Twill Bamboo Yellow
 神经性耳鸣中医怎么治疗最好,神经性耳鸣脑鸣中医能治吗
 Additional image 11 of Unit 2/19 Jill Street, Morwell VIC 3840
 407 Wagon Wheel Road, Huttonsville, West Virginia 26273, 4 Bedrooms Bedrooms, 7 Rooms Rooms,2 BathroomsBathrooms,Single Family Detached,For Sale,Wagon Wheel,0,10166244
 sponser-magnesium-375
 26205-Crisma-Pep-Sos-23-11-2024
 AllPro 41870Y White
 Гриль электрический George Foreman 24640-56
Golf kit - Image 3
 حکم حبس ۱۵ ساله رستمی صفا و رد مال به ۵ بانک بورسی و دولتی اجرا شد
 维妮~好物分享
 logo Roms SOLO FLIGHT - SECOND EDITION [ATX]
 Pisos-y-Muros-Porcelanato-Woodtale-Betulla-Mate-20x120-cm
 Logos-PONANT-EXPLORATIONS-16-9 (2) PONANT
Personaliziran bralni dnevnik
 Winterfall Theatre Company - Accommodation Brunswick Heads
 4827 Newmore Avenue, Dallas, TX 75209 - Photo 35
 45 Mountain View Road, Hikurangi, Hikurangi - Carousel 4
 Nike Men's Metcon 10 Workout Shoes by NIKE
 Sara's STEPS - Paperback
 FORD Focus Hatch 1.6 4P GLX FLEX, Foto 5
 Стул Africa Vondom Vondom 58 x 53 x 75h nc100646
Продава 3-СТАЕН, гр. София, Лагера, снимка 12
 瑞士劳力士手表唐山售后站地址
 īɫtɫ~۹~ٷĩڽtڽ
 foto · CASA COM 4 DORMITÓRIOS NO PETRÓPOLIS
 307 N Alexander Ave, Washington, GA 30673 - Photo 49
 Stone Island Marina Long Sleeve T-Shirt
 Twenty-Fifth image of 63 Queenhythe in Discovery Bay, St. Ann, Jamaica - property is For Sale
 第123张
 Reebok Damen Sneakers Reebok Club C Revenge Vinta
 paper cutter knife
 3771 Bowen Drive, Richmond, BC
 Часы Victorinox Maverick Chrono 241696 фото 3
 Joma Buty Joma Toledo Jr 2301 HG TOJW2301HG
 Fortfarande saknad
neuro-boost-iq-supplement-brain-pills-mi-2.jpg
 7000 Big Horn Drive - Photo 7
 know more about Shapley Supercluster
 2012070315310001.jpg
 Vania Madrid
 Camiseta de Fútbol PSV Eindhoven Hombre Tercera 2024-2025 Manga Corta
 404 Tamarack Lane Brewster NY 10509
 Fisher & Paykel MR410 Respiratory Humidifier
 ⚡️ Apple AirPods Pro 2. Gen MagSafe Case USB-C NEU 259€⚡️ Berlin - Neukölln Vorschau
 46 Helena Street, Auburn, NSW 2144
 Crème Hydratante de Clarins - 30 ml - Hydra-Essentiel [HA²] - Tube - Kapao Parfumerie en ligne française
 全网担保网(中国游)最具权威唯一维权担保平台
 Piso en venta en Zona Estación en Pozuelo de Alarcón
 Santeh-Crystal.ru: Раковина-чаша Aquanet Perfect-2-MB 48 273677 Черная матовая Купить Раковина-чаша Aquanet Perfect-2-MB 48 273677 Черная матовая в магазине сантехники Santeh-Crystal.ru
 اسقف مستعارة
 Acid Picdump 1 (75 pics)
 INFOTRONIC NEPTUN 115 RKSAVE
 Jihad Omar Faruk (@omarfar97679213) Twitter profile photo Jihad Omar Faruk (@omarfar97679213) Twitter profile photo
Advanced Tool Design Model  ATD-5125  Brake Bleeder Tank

## WHAT YOU NEED TO DO
Look above for the line containing "46 Helena Street, Auburn, NSW 2144", then please write out that line and each one after it through the end, exactly, with nothing else.

## OUTPUT OF THE TASK
 46 Helena Street, Auburn, NSW 2144
 Crème Hydratante de Clarins - 30 ml - Hydra-Essentiel [HA²] - Tube - Kapao Parfumerie en ligne française
 全网担保网(中国游)最具权威唯一维权担保平台
 Piso en venta en Zona Estación en Pozuelo de Alarcón
 Santeh-Crystal.ru: Раковина-чаша Aquanet Perfect-2-MB 48 273677 Черная матовая Купить Раковина-чаша Aquanet Perfect-2-MB 48 273677 Черная матовая в магазине сантехники Santeh-Crystal.ru
 اسقف مستعارة
 Acid Picdump 1 (75 pics)
 INFOTRONIC NEPTUN 115 RKSAVE
 Jihad Omar Faruk (@omarfar97679213) Twitter profile photo Jihad Omar Faruk (@omarfar97679213) Twitter profile photo
Advanced Tool Design Model  ATD-5125  Brake Bleeder Tank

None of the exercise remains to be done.